Word for word, copy the data that follows and skip its pictures.

[TASK DATA]

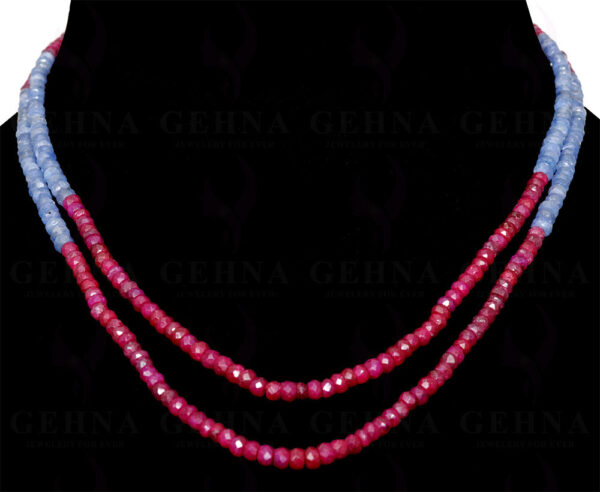 2 Rows Of Ruby & Blue Sapphire Gemstone Faceted Bead Necklace NP-1201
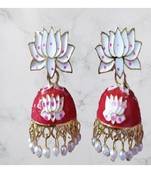 Red meenakari Brass Brass   pair of Earring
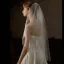 Elegant White Pearl Bridal Wedding Veils 2025 Wedding Tulle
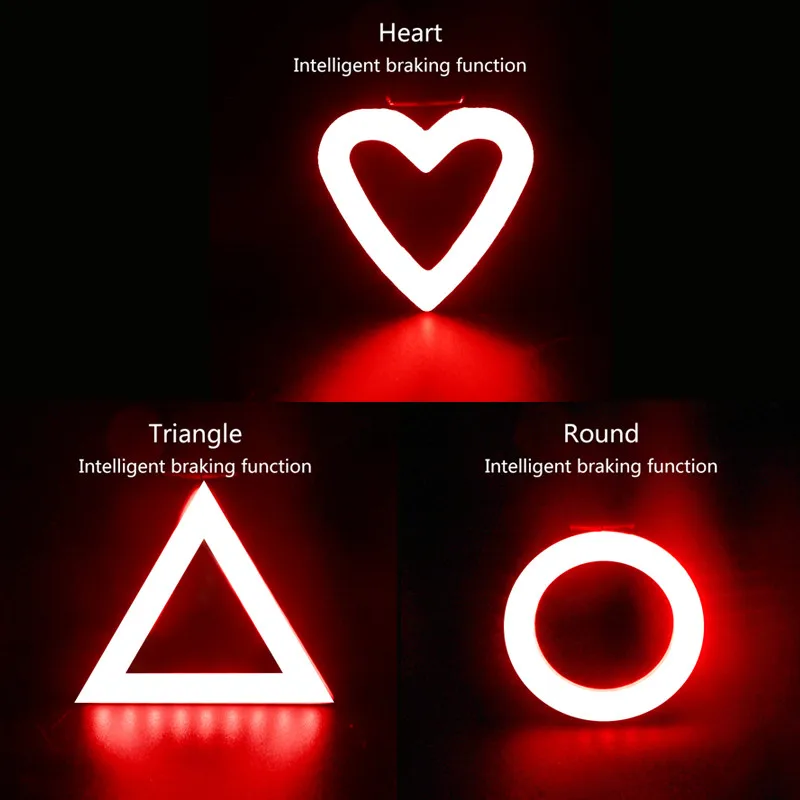 Heart Shape Bike Rear Light IPX64 Waterproof Bicycle Tail Light ultralight fashion Night Warning Flashlight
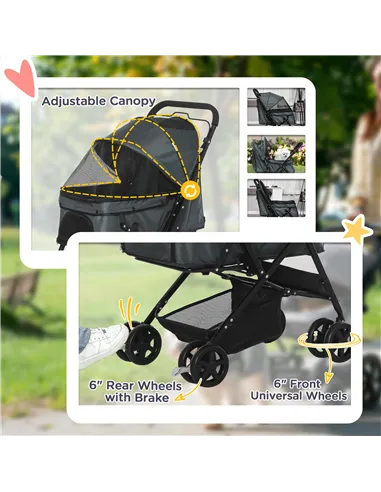 PawHut Pet Stroller Pushchair Foldable Travel Dog Cat Carriage w/ Reversible Handle Brake Basket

[/TASK DATA]

ANSWER TO THE EXERCISE -
 2 Rows Of Ruby & Blue Sapphire Gemstone Faceted Bead Necklace NP-1201
 Red meenakari Brass Brass   pair of Earring
 Elegant White Pearl Bridal Wedding Veils 2025 Wedding Tulle
 Heart Shape Bike Rear Light IPX64 Waterproof Bicycle Tail Light ultralight fashion Night Warning Flashlight
 PawHut Pet Stroller Pushchair Foldable Travel Dog Cat Carriage w/ Reversible Handle Brake Basket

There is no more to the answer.